The UK referendum decision to leave the EU
- UK votes for Brexit. PM Cameron resigns
- GBP/USD falls 18 figures to its lowest level since 1985 before recovering
- Global equity markets slump. Eurostoxx falls more than 10% – hits lowest level since 2013
What has happened?
The UK referendum decision to leave the EU had a huge impact on markets overnight, in part because markets were almost fully pricing in a vote to “Remain”.
GBP fell very sharply, with the JPY and the USD the main beneficiaries. Initially GBP/USD fell to 1.3240 from a high above 1.50 on Thursday, hitting its lowest level since 1985. It recovered some of those losses in the European morning, nearly reaching 1.40, before falling back again.Graph attached here for GBP/USD.
While the moves on the day have been huge, and volatility has also been extreme, it is worth noting that GBP/USD was as low as 1.38 in February before recovering in recent months as expectations of Fed tightening faded and the USD generally weakened. GBP was also generally very firm in recent days as expectations built of a vote to “Remain”.
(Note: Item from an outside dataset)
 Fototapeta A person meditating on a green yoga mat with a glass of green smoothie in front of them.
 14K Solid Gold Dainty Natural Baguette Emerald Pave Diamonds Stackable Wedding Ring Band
GBP has not been the only currency to suffer. The EUR has also weakened sharply against the USD reflecting uncertainty about the outlook for the economy, with many seeing a UK exit as negative for the EU in general, both economically and politically. Traditionally risk sensitive currencies have suffered the most, with the SEK the weakest of the G10 currencies other than GBP.
What happens now?
The UK will not leave the EU immediately. It has to apply to leave via Article 50 of the Lisbon Treaty. Cameron has said he will not do this, but leave it to the next Prime Minister, who will be in place by the Conservative Party conference in October.
Once the application is made, EU law will cease to apply to Britain after two years (though there may be complications as the terms of exit need to be negotiated and could potentially be vetoed by any of the 27 EU members).
There is enormous uncertainty about the likely impact of the UK vote on the UK, European and global economy and consequently on markets. For the UK, the decision could lead to reduced inward investment from firms looking to do business in the EU, while UK firms may also be reluctant to invest in export related business until new trading relationships are clear.
However, there need not be a large impact at this stage as future arrangements will not come in for more than 2 years and may in the end not prove a great deal different to the current situation.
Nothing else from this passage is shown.